Hassane Mouri, L’informel ou la face cachée de la précarité : le cas des chiffonniers de Tunis, Tunis, Institut supérieur des sciences humaines et sociales de Tunis et Éditions Latrach, mai 2016.

Des hommes, des femmes et des enfants, dès l’aube se précipitent dans les rues et sur les décharges pour ramasser de quoi subsister. Ils ramassent les objets de valeur ou jugés comme de la sorte pour les vendre après avec des prix dérisoires, ou du moins avant l’avènement des déchets recyclables à la fin des années 1990.
Des mains invisibles débarrassent et libèrent les villes de ses ordures, une population nocturne mais aussi en plein jour qui se déplace d’une décharge à une autre, dans les rues et partout ou il y a de quoi subsister : une population déchirée entre un métier marginal et stigmatisé mais reste l’expression la plus forte de l’exclusion et de la pauvreté sans aucune reconnaissance ou sans aucune considération. Les acteurs invisibles, latents et dissimilés jouent un rôle primordial pour débarrasser l’environnement des déchets les plus nuisibles et à risque.
Les chiffonniers ou les récupérateurs offraient un service public généreux dans le domaine écologique dont l’impact est positif sur les plans économique, social et environnemental. Cette activité prolifère dans le silence et dans l’informel malgré son importance, elle est dépourvue de toute forme de reconnaissance sociale, juridique ou même économique. Les chiffonniers ne sont pas reconnus comme des prestataires de services publics ou des « travailleurs verts », ils n’ont pas un lien clair avec les industries du secteur formel. C’est une main-d’œuvre immense au bas de la chaîne de recyclage. Les récupérateurs, l’appellation générale adoptée à la 1re Conférence Mondiale des Récupérateurs en 2008, demeure une qualification plus ou moins neutre loin de la stigmatisation et l’étiquetage social et peut aussi mettre en valeur ce métier noble pour l’environnement. Le parcours des récupérateurs est de divers profils, des personnes travaillant dans les décharges ou fouillant dans les ordures dans les rues aux collecteurs improvisés qui vendent des matières recyclables à des intermédiaires ou des récupérateurs occasionnels.
Certains d’entre eux se sont transformés en entrepreneurs organisés ; c’est une forme « d’ascension par le plastique », c’est cette frange sociale qui combattait la stigmatisation et l’indignation du métier.

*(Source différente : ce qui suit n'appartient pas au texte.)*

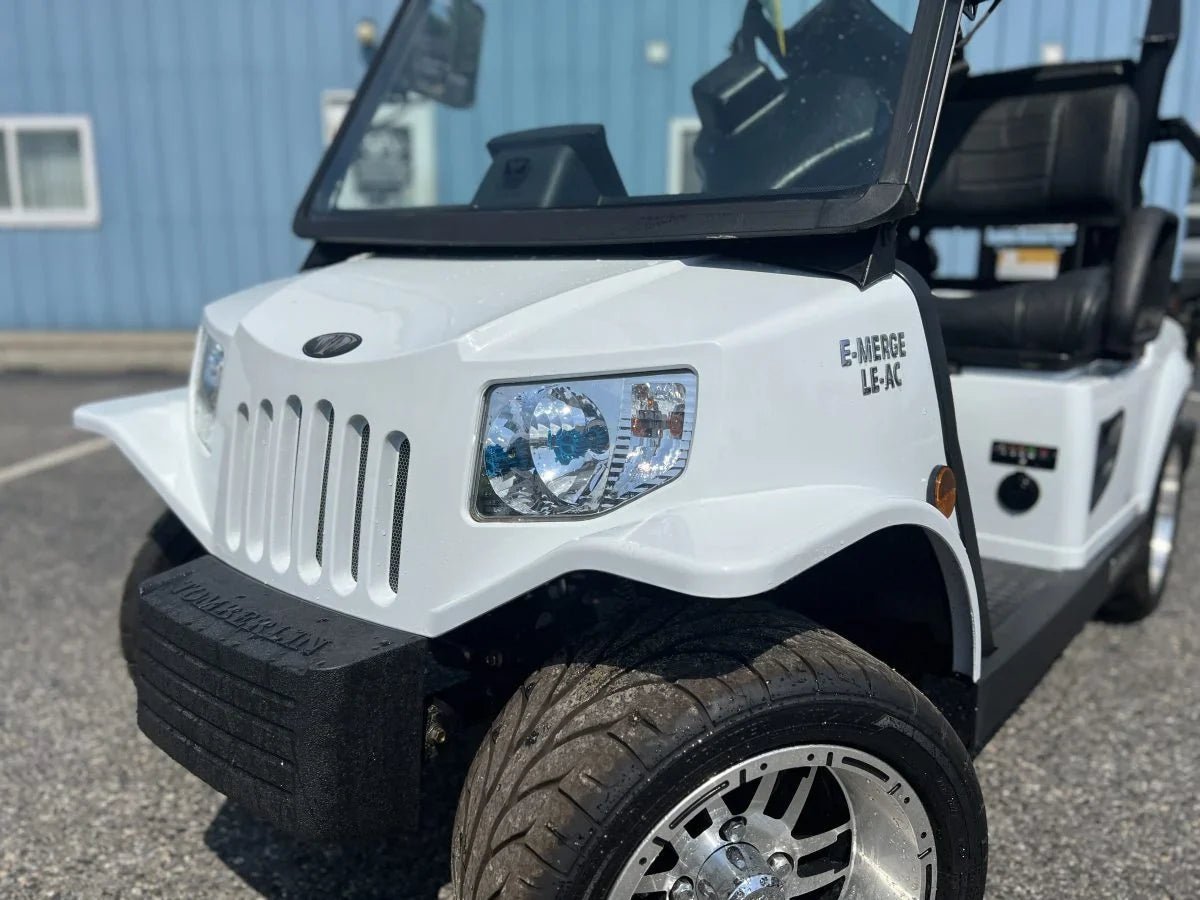 2023 Tomberlin E2 LE Golf Cart for Sale - Image 2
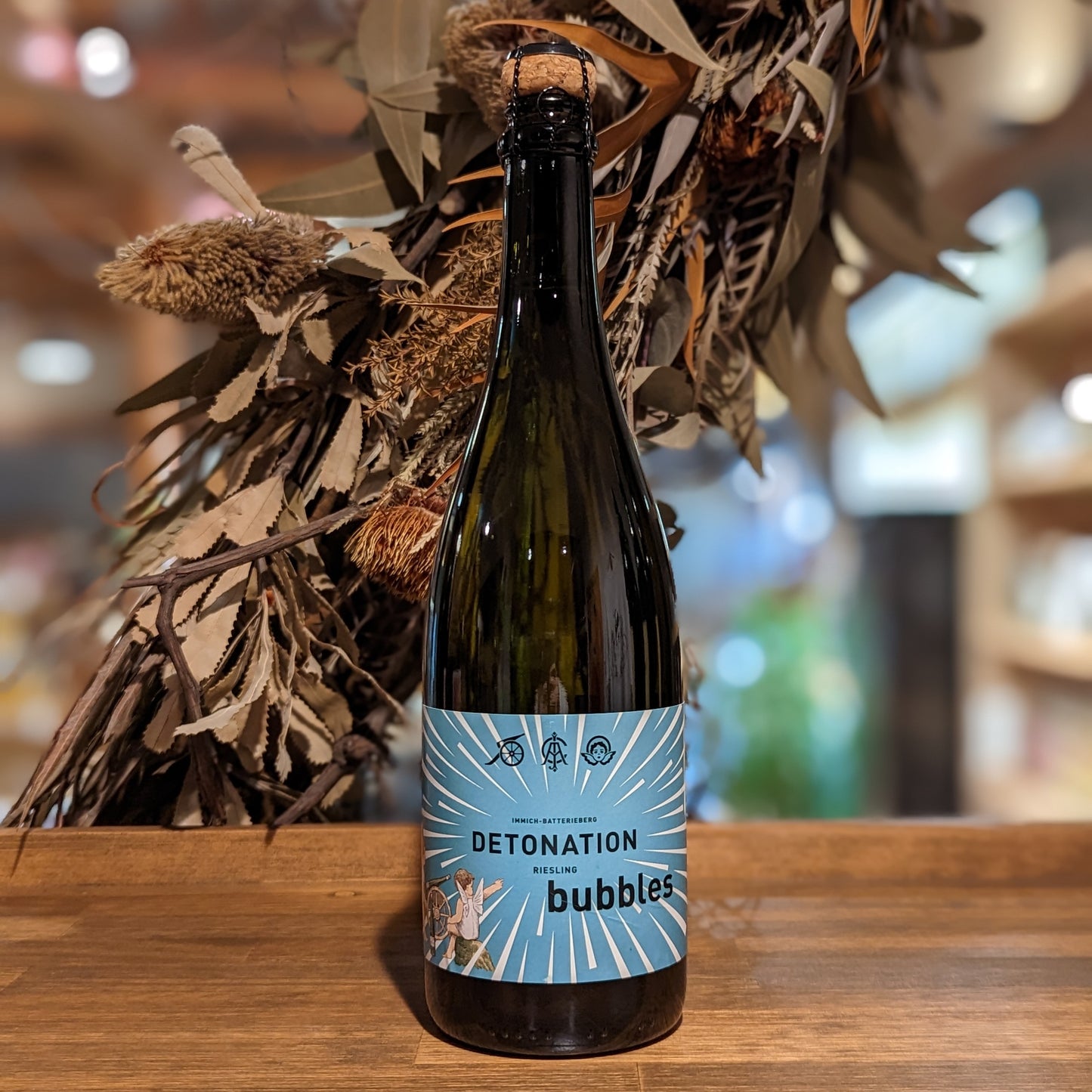 デトナチオン・バブルス ブリュット・エクストラ 2018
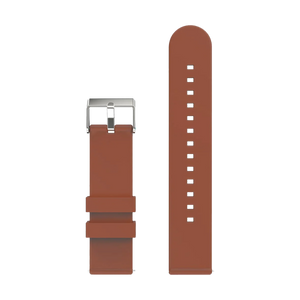 Brown Sport Band for Health Smartwatch 2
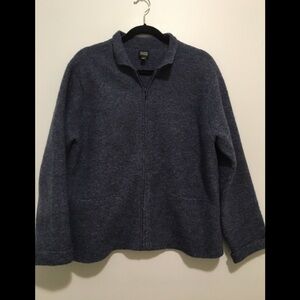 Eileen Fisher Merino Wool Sweater T.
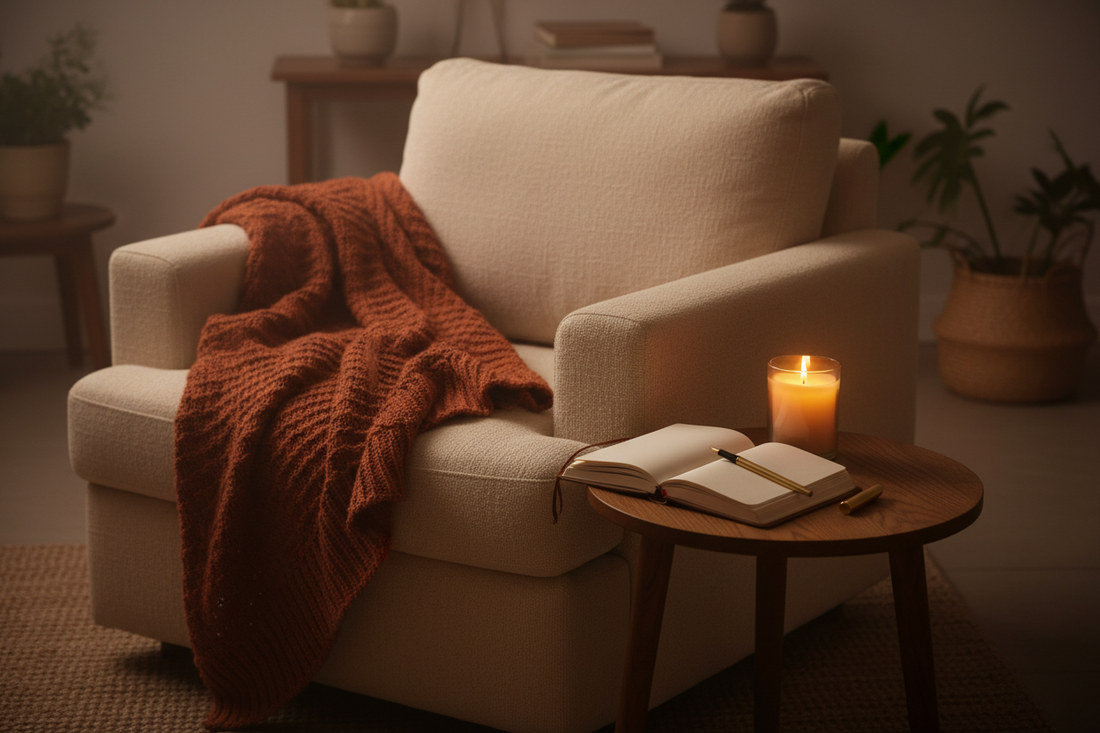 Monthly Reflection Using Sistah Journal: Turning Insights Into Intentional Growth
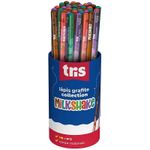 lápis grafite hb milkshake avulso lápis grafite hb milkshake avulso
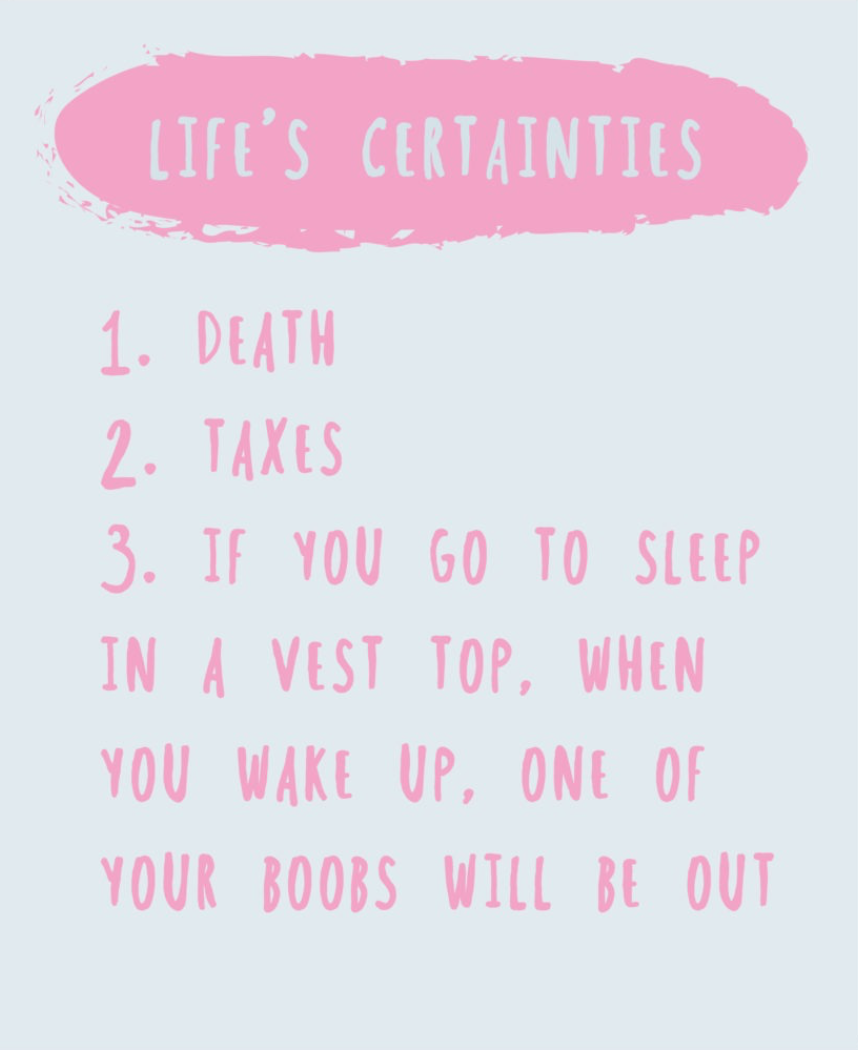 Life Certainties, Mini Mischiefs MM029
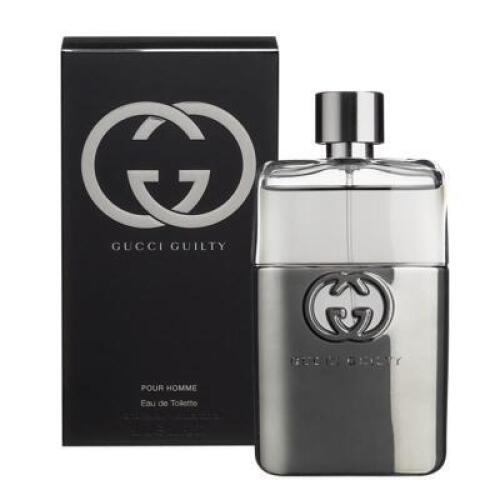 Gucci Guilty Pour Homme Eau De Toilette 90ML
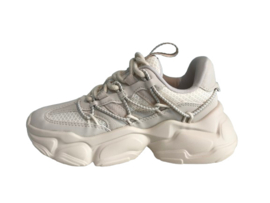 Steve Madden sneaker Spectator Bone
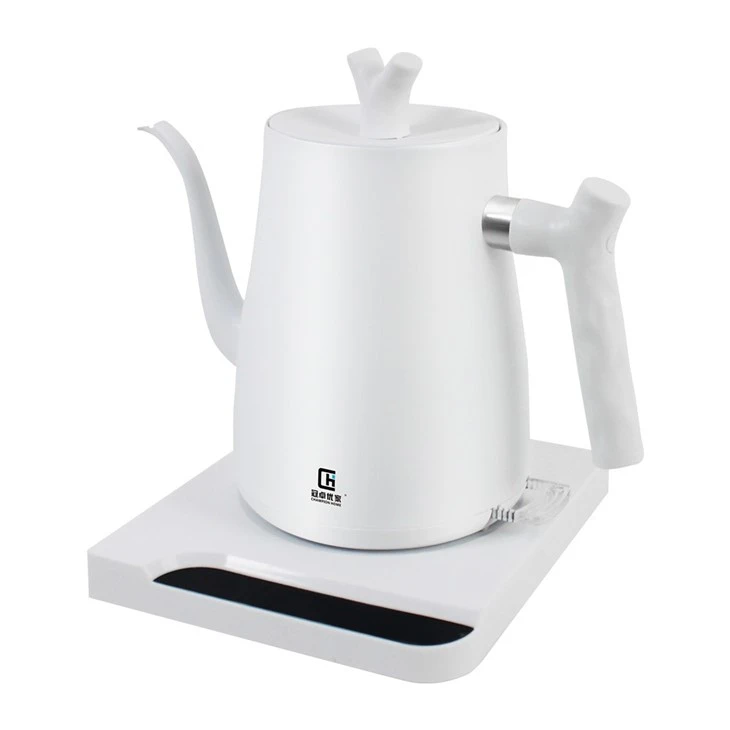 1L Gooseneck 1000W Electric Kettle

Hassane Mouri est enseignant chercheur en sociologie de développement au département de sociologie à l’institut supérieur des sciences humaines de Tunis Université El Manar. Il travaille sur le thème « environnement et développement », il a coordonné la publication d’un ouvrage collectif Eau, lien social et dynamiques locales en 2012, il a publié aussi de nombreux articles sur l’environnement, la question de l’eau et le développement local en Tunisie et à l’étranger.

Hassane Mouri est membre de l’AISLF.